TASK REQUIREMENTS »
Your job is to return each record exactly, minus any pictures.

○ ○ ○ ○

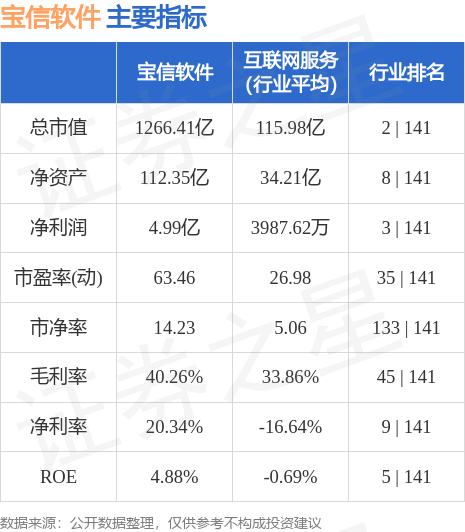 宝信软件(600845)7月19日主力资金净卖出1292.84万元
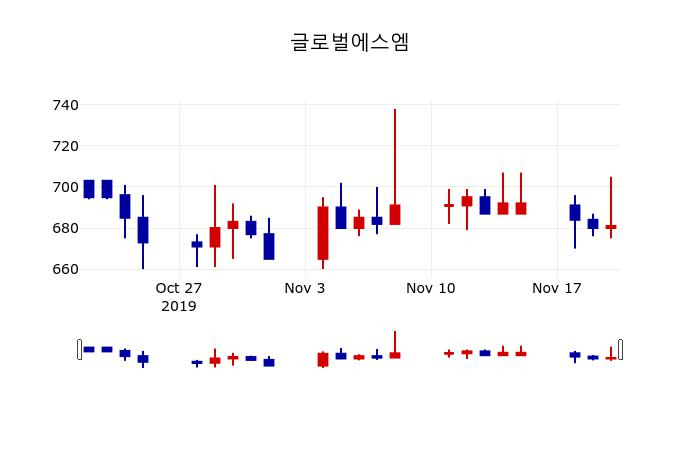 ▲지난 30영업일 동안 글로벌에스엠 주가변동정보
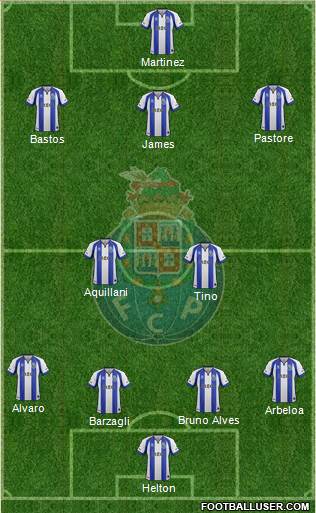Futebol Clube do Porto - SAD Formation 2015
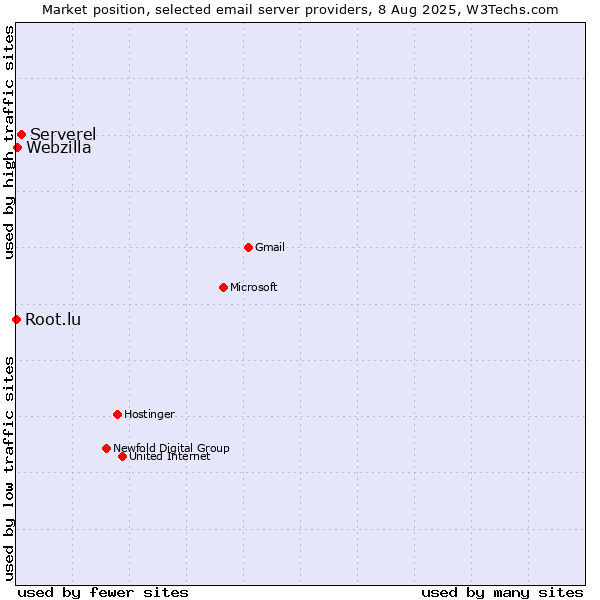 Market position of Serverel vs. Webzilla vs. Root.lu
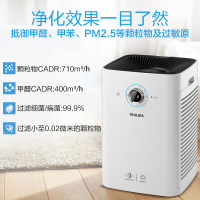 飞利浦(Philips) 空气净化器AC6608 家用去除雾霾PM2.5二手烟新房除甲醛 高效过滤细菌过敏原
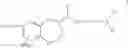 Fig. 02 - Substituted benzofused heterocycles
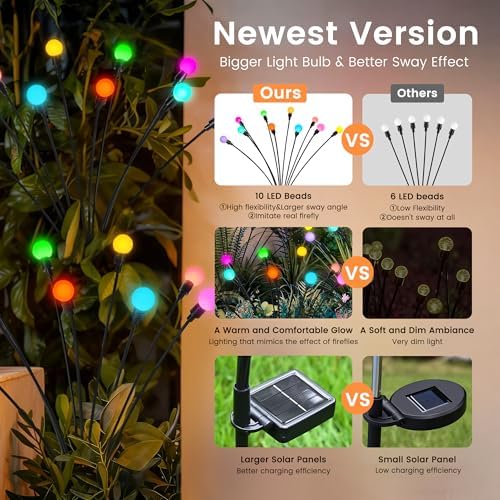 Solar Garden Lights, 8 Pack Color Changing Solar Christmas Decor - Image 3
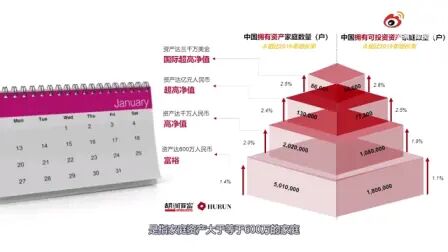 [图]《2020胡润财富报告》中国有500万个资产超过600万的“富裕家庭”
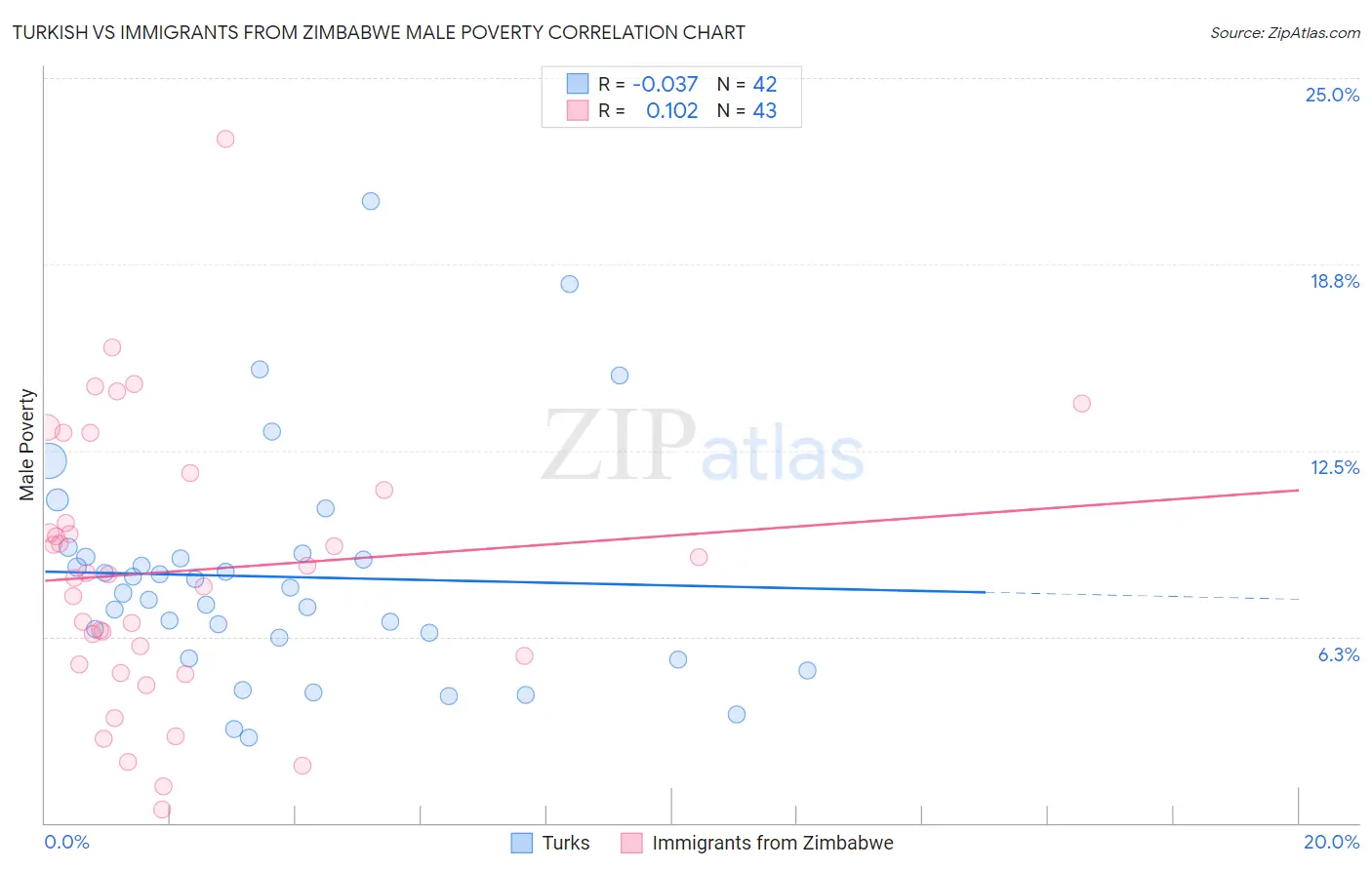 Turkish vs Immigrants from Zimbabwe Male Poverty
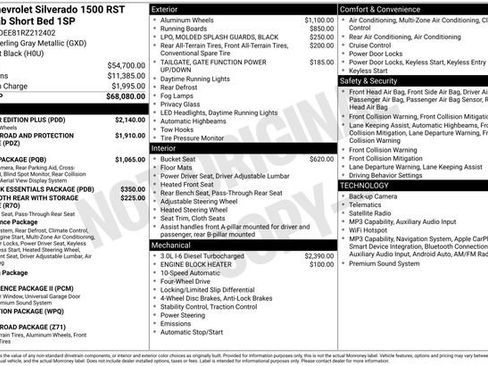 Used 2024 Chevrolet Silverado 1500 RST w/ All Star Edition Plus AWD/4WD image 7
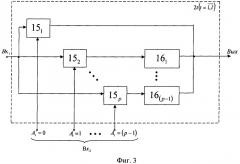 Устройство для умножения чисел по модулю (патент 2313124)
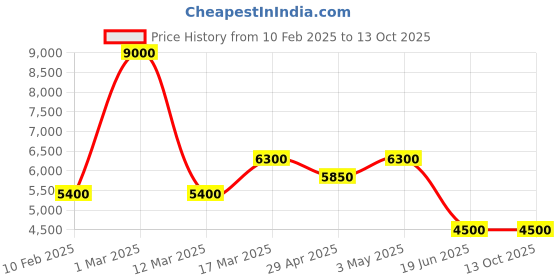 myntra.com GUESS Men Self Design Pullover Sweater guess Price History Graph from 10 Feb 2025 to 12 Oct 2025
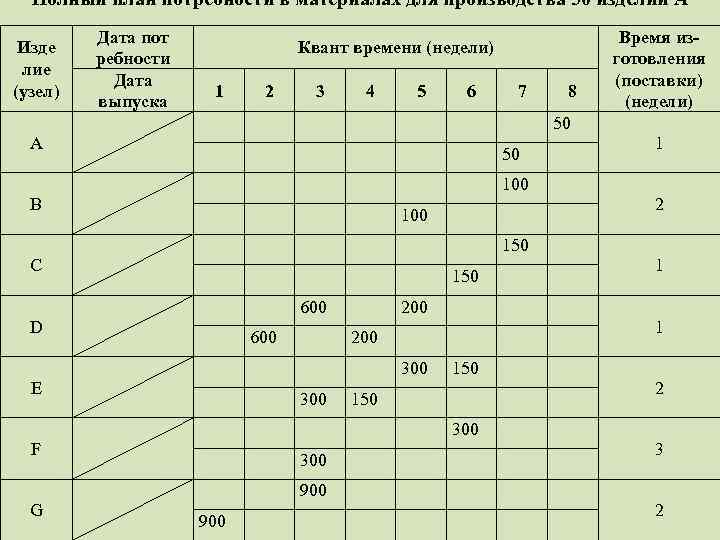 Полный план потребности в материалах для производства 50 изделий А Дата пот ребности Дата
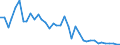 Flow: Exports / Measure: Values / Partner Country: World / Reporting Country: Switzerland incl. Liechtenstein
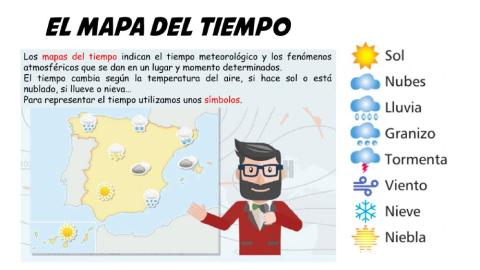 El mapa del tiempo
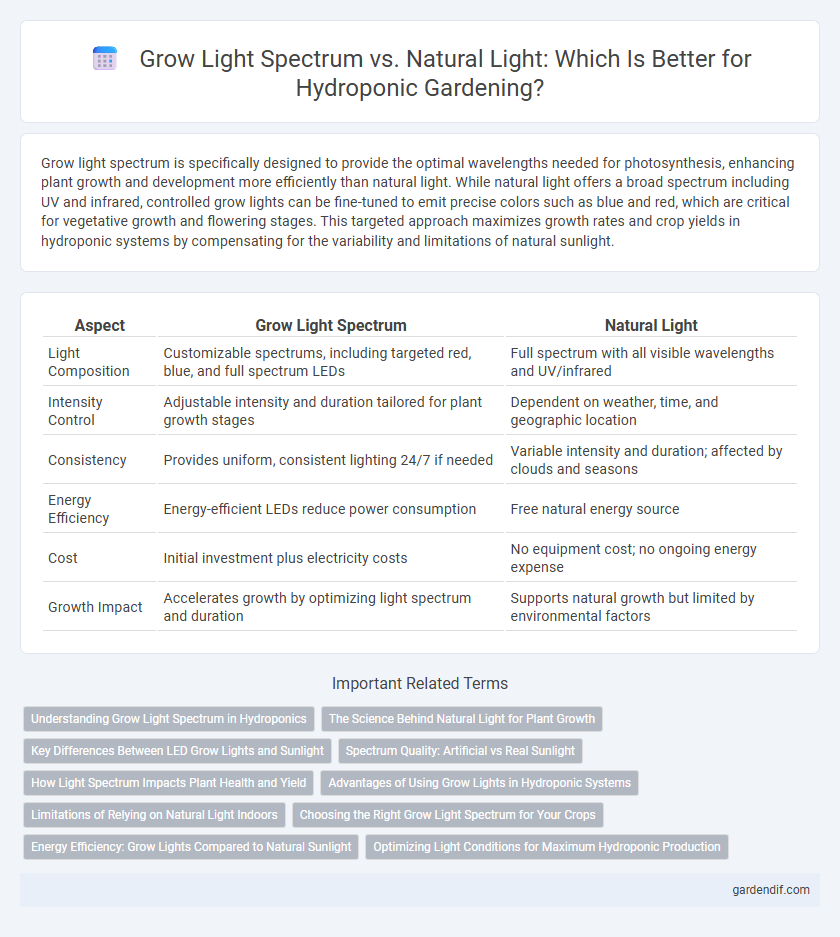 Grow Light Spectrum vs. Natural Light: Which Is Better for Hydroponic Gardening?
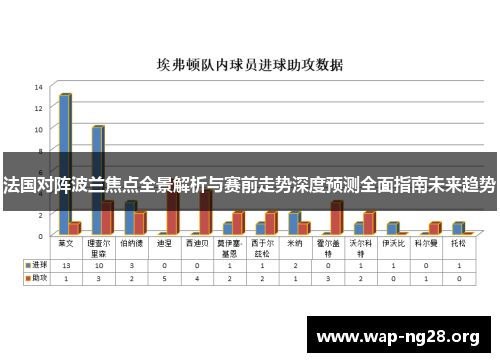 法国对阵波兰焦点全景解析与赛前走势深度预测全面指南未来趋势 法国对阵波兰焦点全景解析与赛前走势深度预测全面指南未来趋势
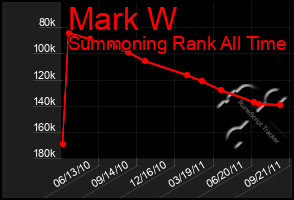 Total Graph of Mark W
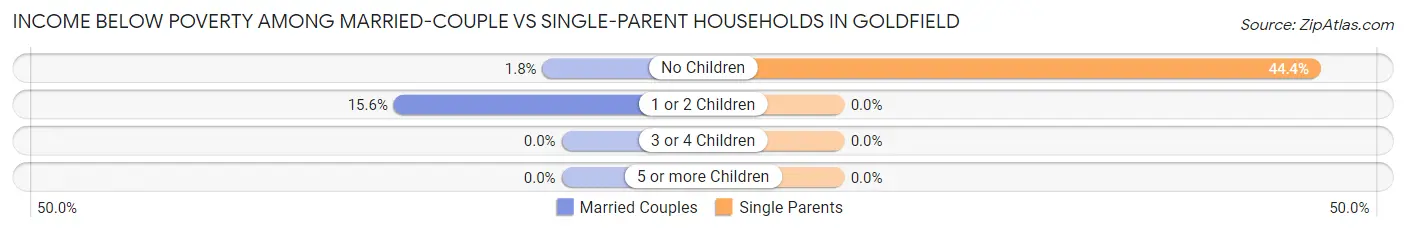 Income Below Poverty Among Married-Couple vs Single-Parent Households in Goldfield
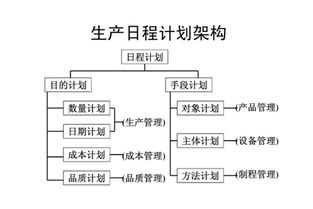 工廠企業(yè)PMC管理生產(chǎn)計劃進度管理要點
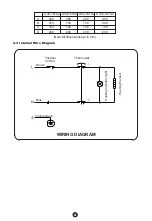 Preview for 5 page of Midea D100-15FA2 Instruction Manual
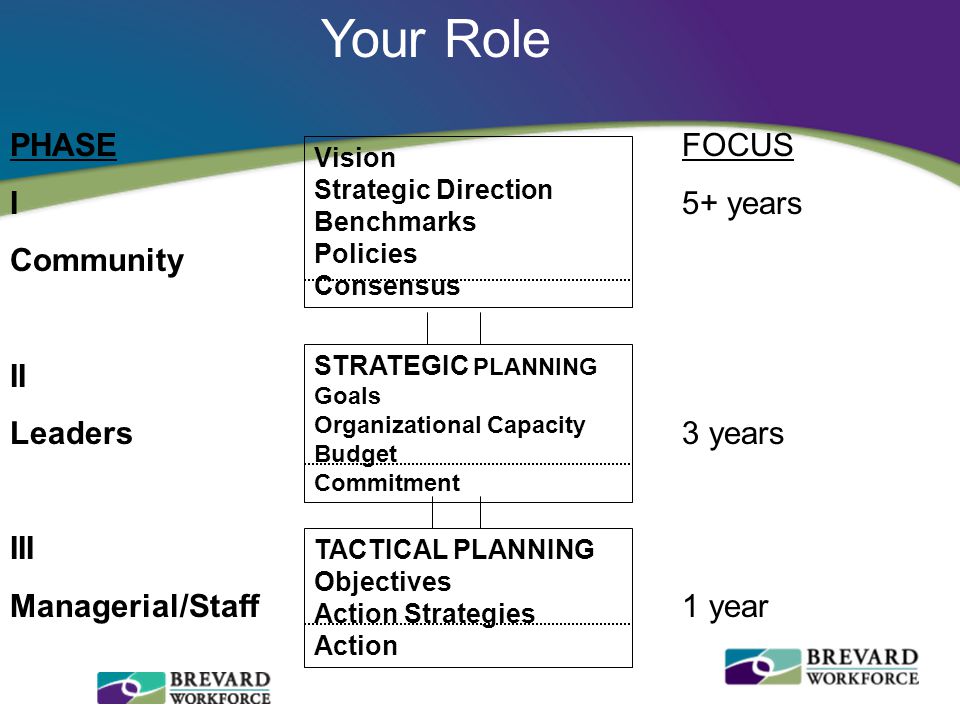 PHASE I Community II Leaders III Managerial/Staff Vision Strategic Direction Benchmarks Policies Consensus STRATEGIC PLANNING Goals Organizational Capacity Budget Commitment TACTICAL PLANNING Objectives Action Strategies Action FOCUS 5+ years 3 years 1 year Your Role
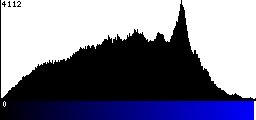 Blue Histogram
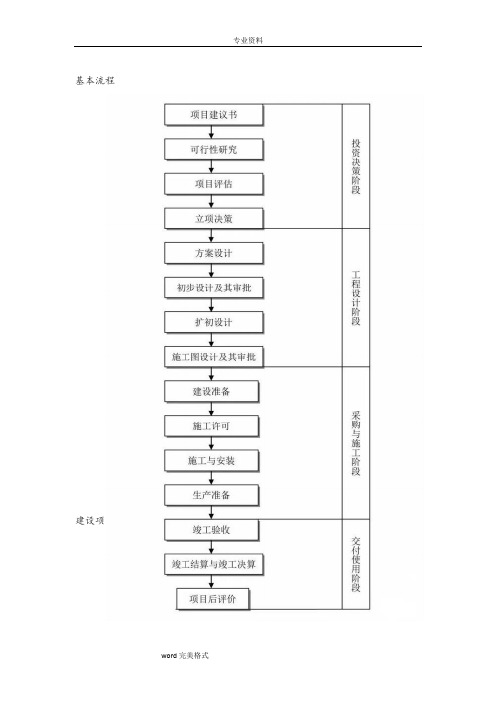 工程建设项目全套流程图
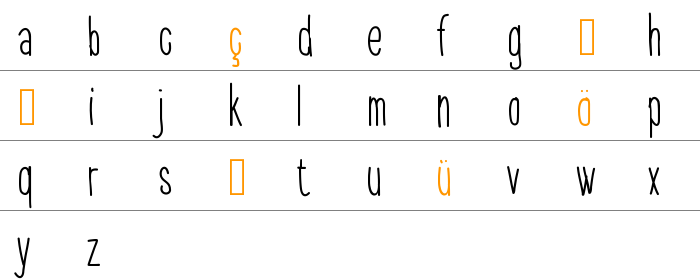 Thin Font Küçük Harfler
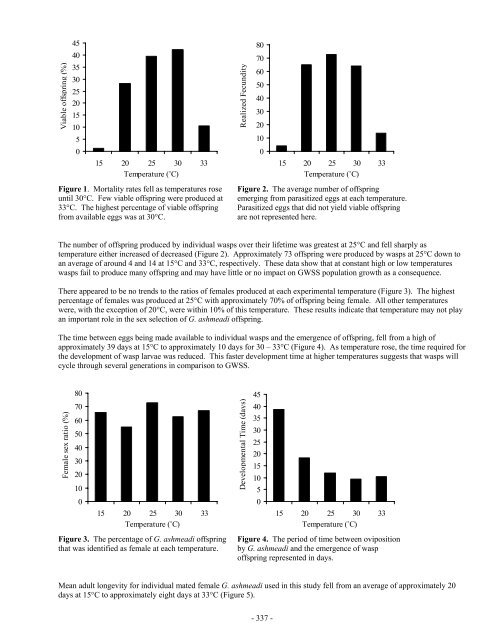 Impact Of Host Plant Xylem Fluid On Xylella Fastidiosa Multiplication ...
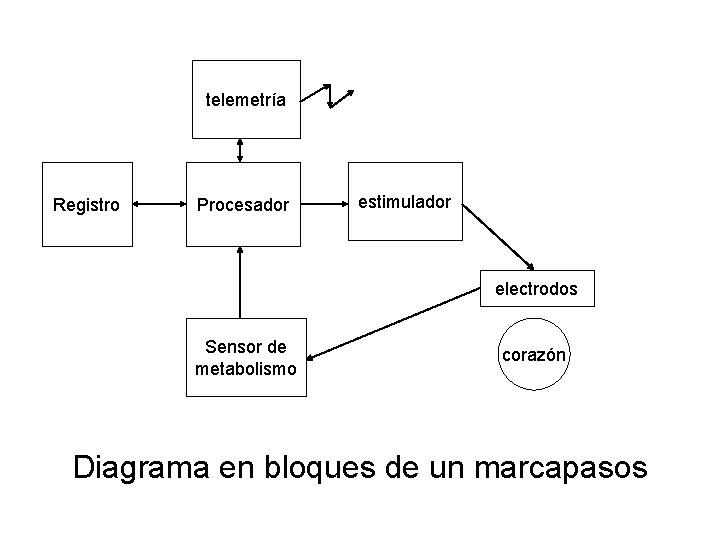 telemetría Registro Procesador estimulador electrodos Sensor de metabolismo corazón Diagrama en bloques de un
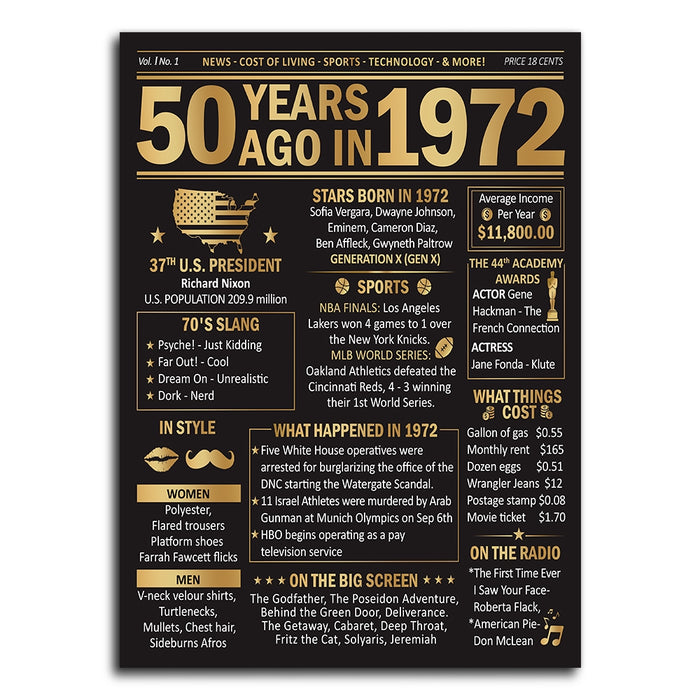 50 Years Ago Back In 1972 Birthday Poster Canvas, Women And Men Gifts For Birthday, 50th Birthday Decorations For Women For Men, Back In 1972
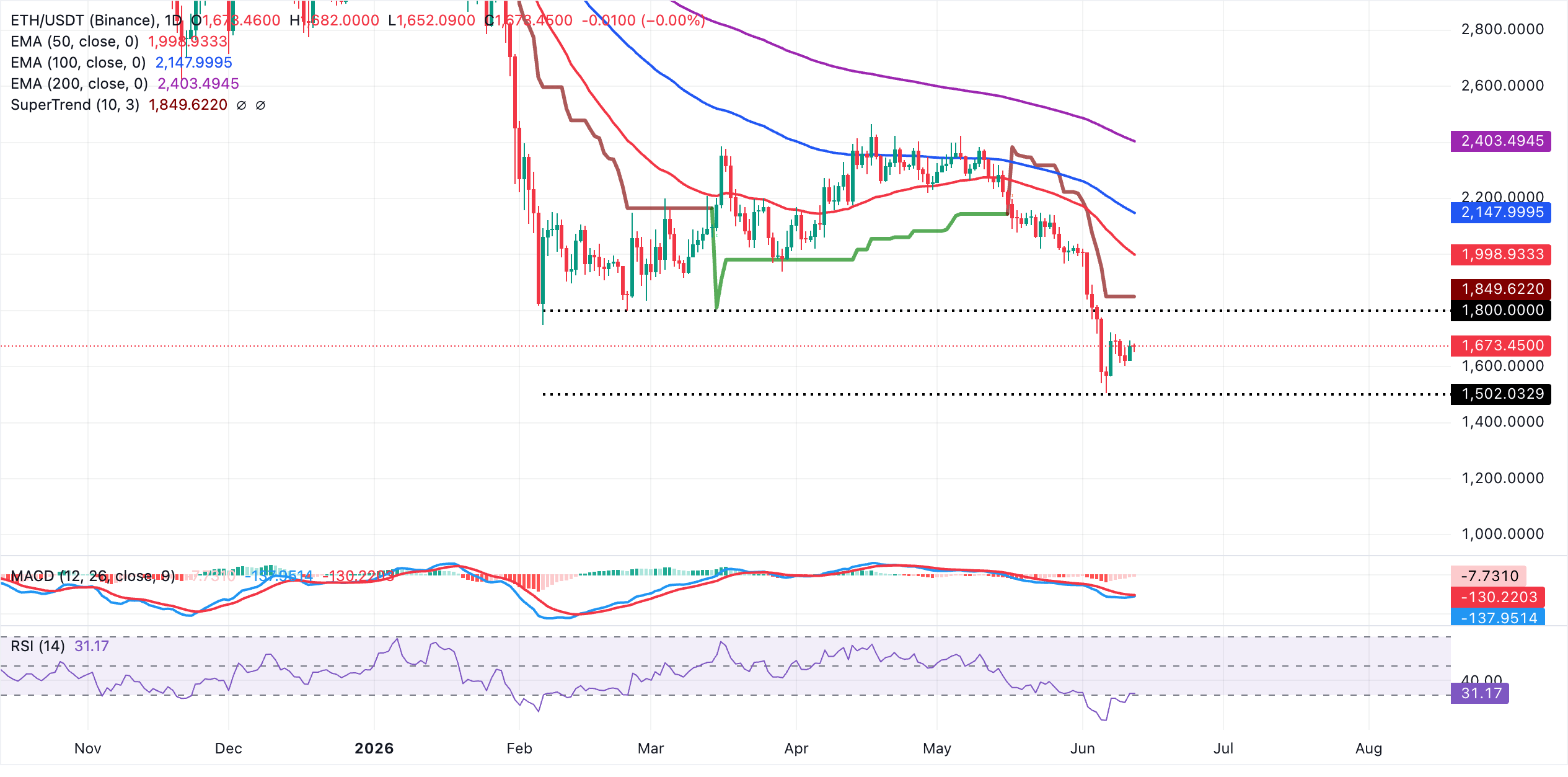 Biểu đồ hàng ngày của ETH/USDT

○ ○ ○ ○

EXPECTED OUTPUT »
 宝信软件(600845)7月19日主力资金净卖出1292.84万元
 ▲지난 30영업일 동안 글로벌에스엠 주가변동정보
Futebol Clube do Porto - SAD Formation 2015
 Market position of Serverel vs. Webzilla vs. Root.lu
 飞利浦(Philips) 空气净化器AC6608 家用去除雾霾PM2.5二手烟新房除甲醛 高效过滤细菌过敏原
 Fig. 02 - Substituted benzofused heterocycles
 Solar Garden Lights, 8 Pack Color Changing Solar Christmas Decor - Image 3
 [图]《2020胡润财富报告》中国有500万个资产超过600万的“富裕家庭”
 Turkish vs Immigrants from Zimbabwe Male Poverty
 Used 2024 Chevrolet Silverado 1500 RST w/ All Star Edition Plus AWD/4WD image 7
 Устройство для умножения чисел по модулю (патент 2313124)
 myntra.com GUESS Men Self Design Pullover Sweater guess Price History Graph from 10 Feb 2025 to 12 Oct 2025
 Полный план потребности в материалах для производства 50 изделий А Дата пот ребности Дата
 Flow: Exports / Measure: Values / Partner Country: World / Reporting Country: Switzerland incl. Liechtenstein
 El mapa del tiempo
 Grow Light Spectrum vs. Natural Light: Which Is Better for Hydroponic Gardening?
 法国对阵波兰焦点全景解析与赛前走势深度预测全面指南未来趋势 法国对阵波兰焦点全景解析与赛前走势深度预测全面指南未来趋势
 Total Graph of Mark W
 Income Below Poverty Among Married-Couple vs Single-Parent Households in Goldfield
 工廠企業(yè)PMC管理生產(chǎn)計劃進度管理要點
 Preview for 5 page of Midea D100-15FA2 Instruction Manual
 PHASE I Community II Leaders III Managerial/Staff Vision Strategic Direction Benchmarks Policies Consensus STRATEGIC PLANNING Goals Organizational Capacity Budget Commitment TACTICAL PLANNING Objectives Action Strategies Action FOCUS 5+ years 3 years 1 year Your Role
 Blue Histogram
 工程建设项目全套流程图
 Thin Font Küçük Harfler
 Impact Of Host Plant Xylem Fluid On Xylella Fastidiosa Multiplication ...
 telemetría Registro Procesador estimulador electrodos Sensor de metabolismo corazón Diagrama en bloques de un
 50 Years Ago Back In 1972 Birthday Poster Canvas, Women And Men Gifts For Birthday, 50th Birthday Decorations For Women For Men, Back In 1972
 Biểu đồ hàng ngày của ETH/USDT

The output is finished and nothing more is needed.